Sin nada para ofrecer, solo para que los vecinos más rezagados escucharan, volví sobre el portero eléctrico y dije: “señora, si puede esperarme cinco minutos, le bajo algo de ropa”.

Lo que siguió inmediatamente fluctuó entre el altruismo berreta y la torpeza mal gestionada. De una bolsa etiquetada como “museo de ropa” saqué cinco remeras de equipos de fútbol –una de Sacachispas, otra del San Pablo de Brasil, que de milagro estaban limpias–, no pude encontrar ningún jean “digno”, agarré un buzo que me acompañaba desde tiempos indefinidos, metí todo en una bolsa negra de consorcio que se rompió en el camino y bajé lo más rápido que pude.

Para mí sorpresa la voz del “¿tiene ropa para dar?” no pertenecía a una señora mayor sino a una chica de menos de treinta años, a cargo de tres chiquitos que revoloteaban y corrían por la vereda ajenos a la buena o mala fortuna de su madre. Le pregunté a la chica de dónde venían: de Derqui. Los varones más grandes de la familia –contó- estaban a la vuelta, juntando cartones.

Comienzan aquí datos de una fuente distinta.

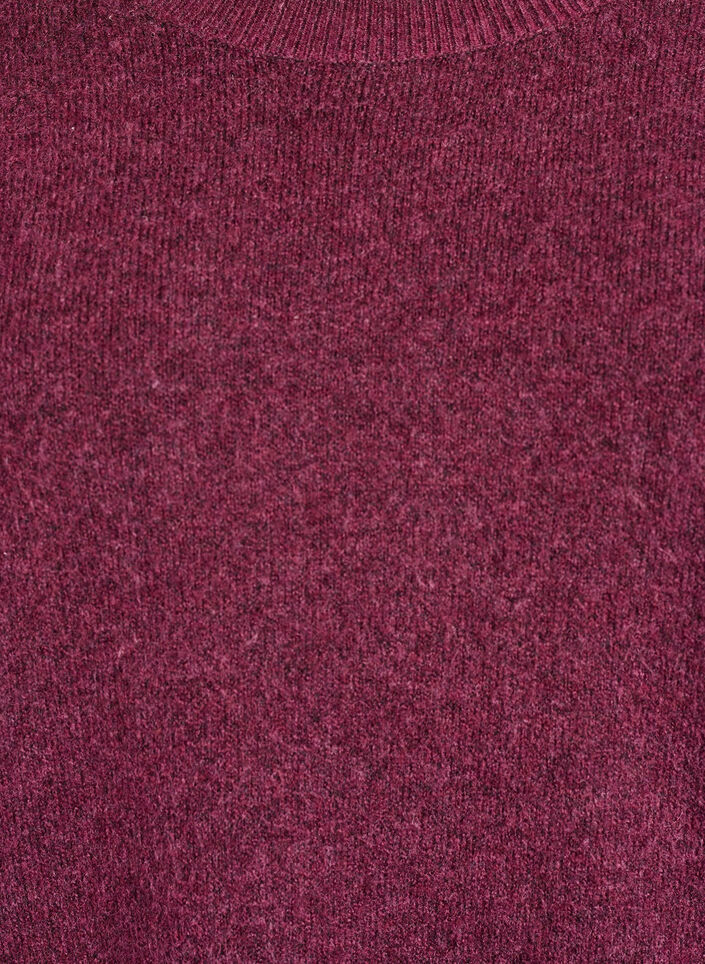 V&auml;lj&auml; neulepusero, jossa n&auml;kyv&auml;t saumat, Tumma Bordeaux, Packshot image number 2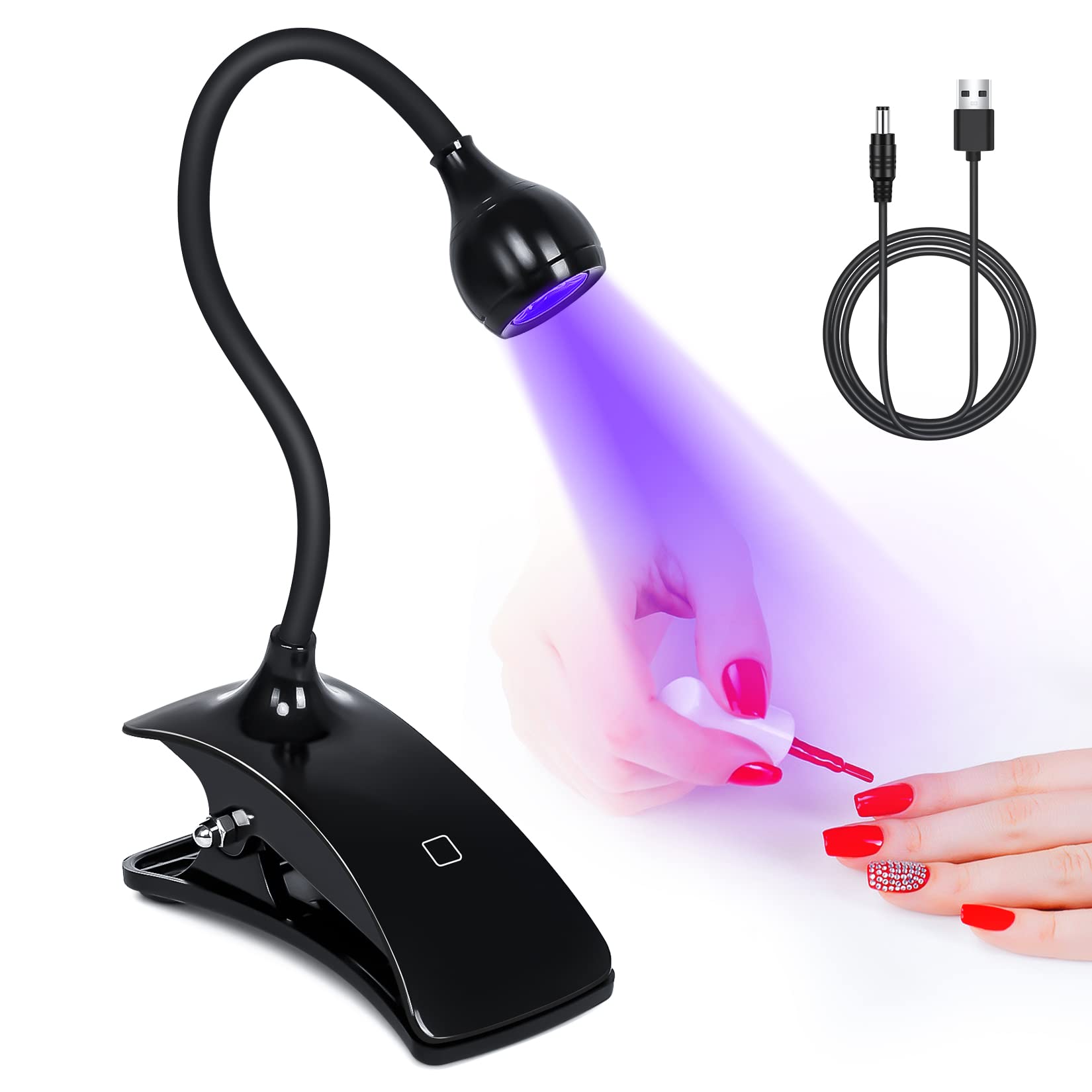 MLOGIROA Mini LED Nail Lamp 3W UV Light - Portable Nail Dryer for Gel Polish & Nail Art - Fast Curing for Home DIY & Salon Use (Black) | Perfect for Manicures, Pedicures & Professional Nail Care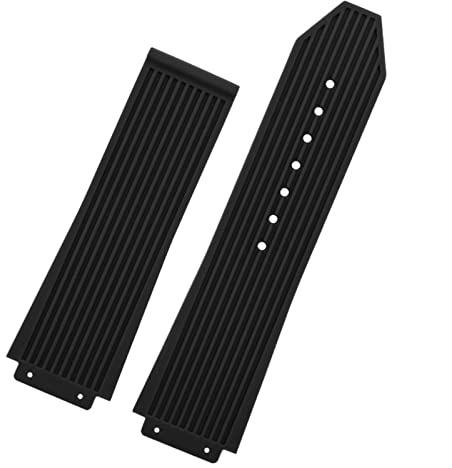 AEMALL Für Hublot BIG BANG Schwarz Blau Weiß Silikon Gummi Band Mit Männer Schmetterling Schnalle Uhrenarmband Zubehör 26 * 19mm, 25.19mm, Achat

Sin mucho más para decir, ya me estaba volviendo cuando otra vecina –una de esas a las que sin necesidad de hablar, uno no imagina encontrar en las marchas del 24 de marzo– bajó con dos enormes bolsas de ropa. Miró con una sonrisa a la madre y después a la nena más chiquita; sacó un vestidito y le dijo: “esto era de mi nieta menor, le puede ir bien a una muñeca hermosa como vos”. La nenita la agarró, contenta, y se la midió a ojo, muy dispuesta a que le quedara bárbaro (mi remera de Sacachispas no podía competir en igualdad de condiciones…). La madre le contestó a mi vecina: “muchas gracias señora, y si no le va, a alguien le va a ir, porque repartimos la ropa en el barrio, hay mucha gente que necesita”.

 

Nos despedimos de nuestros visitantes casi al mismo tiempo, entramos y subimos al ascensor. Quizás a la abuela –en dos segundos había superado el para mí insulso status de “vecina”– también se le había hecho un nudo en la garganta. Pero no la miré. Tampoco le pregunté. ¿Para qué desmerecer con un comentario ese breve, acaso irrepetible, instante de empatía? Cada cual –la familia de Derqui, los vecinos que colgaban con furia el portero eléctrico, la señora y yo– volvió a su burbuja, social y epidemiológicamente hablando.